# Ashes from massacred planets hide black holes



## qubit (Sep 19, 2011)

> PLANETS and asteroids may be smashing into each other by the thousand around monster black holes. Dust from the collisions could explain why many of these colossal objects, which would otherwise shine brightly as they swallow nearby matter, are hidden from view.
> 
> Most galaxies like the Milky Way harbour a central black hole with a mass upwards of a million suns. While the Milky Way's black hole is currently inactiveMovie Camera, many in other galaxies are swallowing up gas from dense discs that surround them, producing copious X-rays and other radiation in the process.
> 
> ...



Lots of links in the article.

New Scientist


----------



## Jegergrim (Sep 19, 2011)

Pretty interesting info, thanks


----------



## TheLaughingMan (Sep 19, 2011)

When they can tell me what is at the bottom of the ocean, I will believe they can tell me what is going on 100 trillion miles away.


----------



## qubit (Sep 19, 2011)

TheLaughingMan said:


> When they can tell me what is at the bottom of the ocean, I will believe they can tell me what is going on 100 trillion miles away.



Ironically, it's sometimes easier to say what's happening so far away than closer to home, because of the nature of the problem. But I agree, there's always uncertainty in these sorts of findings, due to the indirect nature of detection.


----------



## Red_Machine (Sep 19, 2011)

What do they mean by the Milky Way's supermassive is inactive?


----------



## qubit (Sep 19, 2011)

Red_Machine said:


> What do they mean by the Milky Way's supermassive is inactive?



It means that there's no significant amount of material falling into it. Black holes can have vast rings of material around them as it swirls inwards. As it compresses, the friction causes intense heat and it glows powerfully, which can be detected with our telescopes.

www.universetoday.com is a great site for all this kind of stuff.


----------



## trickson (Sep 19, 2011)

I wish the black hole in our galaxy would suck us up !


----------



## HossHuge (Sep 19, 2011)

TheLaughingMan said:


> *When they can tell me what is at the bottom of the ocean*, I will believe they can tell me what is going on 100 trillion miles away.

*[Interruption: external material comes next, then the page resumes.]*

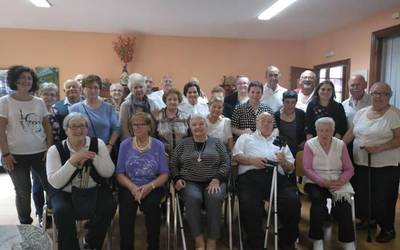 Ikasturte bukaerako antzerkia egin dute Berako jubilotekan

That's where the aliens are.  Didn't you see The Abyss?


----------



## qubit (Sep 19, 2011)

trickson said:


> I wish the black hole in our galaxy would suc*h* us up !



lol, love it.


----------



## DarkOCean (Sep 19, 2011)

trickson said:


> I wish the black hole in our galaxy would such us up !



do you want do die?


----------



## Drone (Sep 19, 2011)

Nice info. Black and white holes observations are always useful even tho some lame asshead fucktards might say that they are far away and blah *yawns*. 
Earth (hence this life) was born from the cosmic energy, it's always interesting to know what happens beyond the borders.

Btw what Movie Camera got to do with this? 


@*DarkOCean* who says that black hole causes death? Nobody knows what happens beyond event horizon.


----------



## Bjorn_Of_Iceland (Sep 19, 2011)

trickson said:


> I wish the black hole in our galaxy would such us up !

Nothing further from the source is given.